Con lui nei campi c’è anche un russo, vuole sapere e dire ai compagni a che punto era la guerra. «Per comunicare con lui usai il latino». Il latino? «Sì, io non sapevo il russo, né lui l’italiano e tantomeno il tedesco. Entrambi avevamo studiato latino a scuola e così gli scrivevo bigliettini con le notizie nella lingua di Cicerone e Virgilio».

Nel ’45, finita la guerra Seggio dopo varie peripezie si trova a Nordhorn, al confine tra Germania e Olanda. «Ero ancora prigioniero ma i controlli erano molto allentati, così pensai di tornare in Italia. A piedi». Seggio scrive su un cartello: «Sono un tenente italiano e voglio tornare a casa, chi viene con me?». Un giorno, all’alba, si presenta un ufficiale veneto con lo zaino sulle spalle e così partono. I due dopo 18 giorni, e con una media giornaliera di 60 km, camminano fino a Innsbruck in Austria, di lì in treno a Bolzano. «Giunti in Alto Adige siamo stati accolti da personale dell’Onarmo, l’opera di assistenza religiosa e morale degli operai, che ci sfamò e ci caricò su camion predisposti per riportare a casa i soldati».
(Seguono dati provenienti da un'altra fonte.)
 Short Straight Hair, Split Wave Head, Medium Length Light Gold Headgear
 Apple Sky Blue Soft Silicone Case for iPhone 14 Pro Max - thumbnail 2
Perché poi venne a vivere a Prato? «Per amore – conclude Antonini –. Ho sposato una “madrina di guerra”». Chi sono? «Le “madrine” erano delle corrispondenti, delle amiche di penna che scrivevano ai soldati in guerra per essergli vicini e dare coraggio. Lei era pratese, la cercai per ringraziarla. Appena l’ho vista mi sono innamorato e così è diventata mia moglie».